The fluoride salt may have etching ability and corrosiveness with respect to metal or silicon which is substantially lower than those of hydrofluoric acid. Therefore, the fluoride salt may remove the polymeric contaminant from the apparatus through a chemical reaction, and may also prevent the apparatus, or a part thereof, from being damaged. The type or the amount of the fluoride salt included in the composition may be determined by considering the solubility of the fluoride salt in the composition and the corroded degree of the apparatus or the part thereof.
When the amount of the fluoride salt is less than about 5 percent by weight, the generation of the fluorine ion may be insufficient for removing the polymeric contaminant attached to the apparatus. Additionally, when the amount of the fluoride salt is greater than about 10 percent by weight, the part may be damaged or corroded by this composition. Thus, the composition may include the fluoride salt in a range of from about 5 to 10 percent by weight, and preferably in a range of from about 6 to 9 percent by weight.
The acid or the salt thereof included in the composition may oxidize the polymeric contaminant attached to the part to accelerate a removal or a decomposition of the polymeric contaminant. Particularly, the acid or the salt thereof may oxidize an insoluble portion of the polymeric contaminant and may promote a reaction of the fluorine ion with the polymeric contaminant. The acid or the salt thereof may have a strong oxidizing ability to oxidize the polymeric contaminant such as a metallic polymer.
In one example embodiment of the present invention, the composition may include nitric acid or sulfuric acid having a pH of from about 1 to 3. In another example embodiment of the present invention, the composition may include hydrofluoric acid. In still another example embodiment of the present invention, the composition may include ammonium nitrate, ammonium sulfate, etc.
When the amount of the acid or the salt thereof included in the composition is less than about 5 percent by weight, the composition may not sufficiently oxidize the polymeric contaminant in soluble portion of the polymeric contaminant. Additionally, when the composition includes greater than about 15 percent by weight of the acid or the salt thereof, the part of the apparatus may be unpreferably oxidized or damaged. Therefore, the composition may include the acid or the salt thereof in a range of from about 5 to 15 percent by weight, and preferably in a range of from about 6 to 12 percent by weight.
The composition including the above-mentioned components may be scarcely reacted with a ceramic material or may be slightly reacted with quartz or a stainless metal, which may be included in the apparatus or parts thereof used for manufacturing a semiconductor device. Therefore, the composition may actively remove the polymeric contaminant from the apparatus within a relatively short time, and also suppress damages to the apparatus or the parts thereof.
Method of Removing a Polymeric Contaminant
In example embodiments of the present invention, a polymeric contaminant may be removed using the above-mentioned compositions. A brush from an apparatus or parts thereof may also be employed in manufacturing a semiconductor device. The polymeric contaminant may be removed from the apparatus within a relatively short period of time without damage to the apparatus.

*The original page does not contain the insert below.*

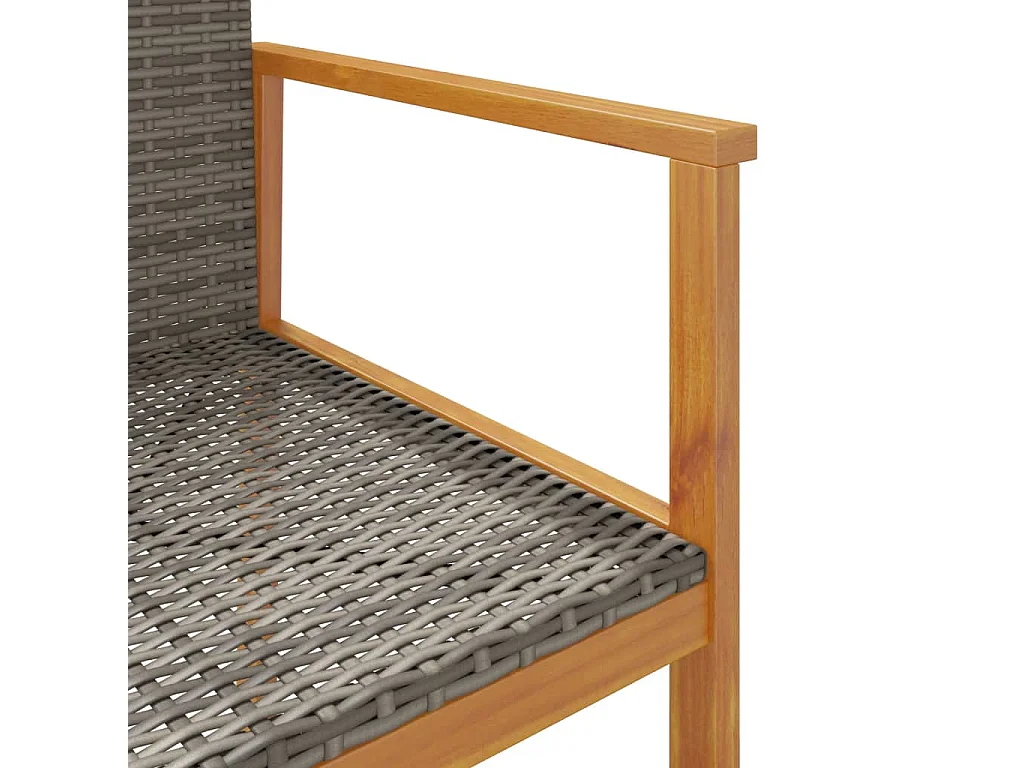 Chaises de jardin lot de 2 gris résine tressée et bois massif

Referring to FIG. 2, a composition for removing the polymeric contaminant can be prepared by mixing from about 5 to 10 percent by weight of a fluoride salt, from about 5 to 15 percent by weight of an acid or a salt thereof, and from about 75 to 90 percent by weight of an aqueous solution of glycol in step S110.

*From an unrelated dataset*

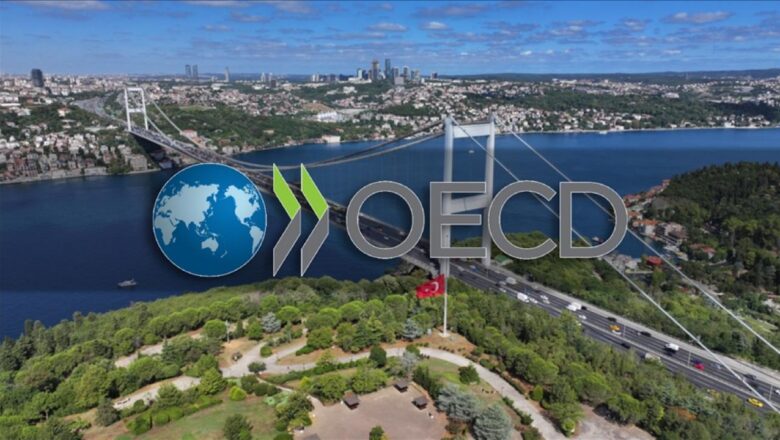 OECD destek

In example embodiments of the present invention, the composition may be prepared by mixing from about 6 to 9 percent by weight of the fluoride salt, from about 6 to 12 percent by weight of the acid or the salt thereof, and from about 79 to 88 percent by weight of the aqueous solution of glycol. The composition for removing the polymeric contaminant is previously described, so any further explanations in this regard will be omitted herein for brevity.
Subsequently, the composition is provided to the apparatus used for manufacturing a semiconductor device in step S1120.

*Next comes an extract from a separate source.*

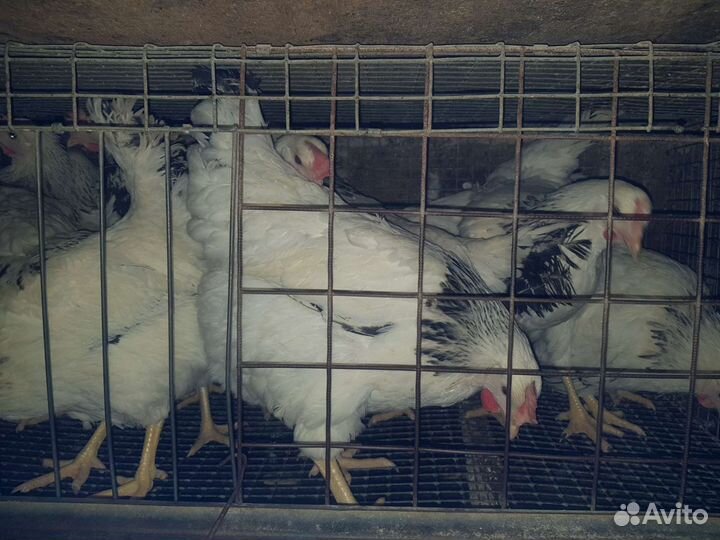 Сельхохозяйственная птица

In one example embodiment of the present invention, the composition may be provided by spraying the composition onto the apparatus or the parts thereof. In another example embodiment of the present invention, the composition may be applied by bringing the apparatus or the parts into contact with a wiper or a sponge including the composition. For example, the composition may be applied to the apparatus for from about 3 to 5 minutes. Additionally, the apparatus or the parts thereof may include a material such as ceramic, aluminum, quartz, stainless metal, etc. An example of the part may be a blade of a transferring arm.
In example embodiments of the present invention, the composition may be provided to the apparatus, parts of which may not be disassembled.
In example embodiments of the present invention, the polymeric contaminant may include a first etching residue originated from a photoresist pattern and a second etching residue generated from an etching process for a thin film. Examples of the polymeric contaminant may include a carbon-based polymer, a metallic polymer, an oxide polymer, etc. The polymeric contaminant may also include a fluorine atom. Additionally, the polymeric contaminant may be strongly adsorbed or attached to the apparatus or the part thereof.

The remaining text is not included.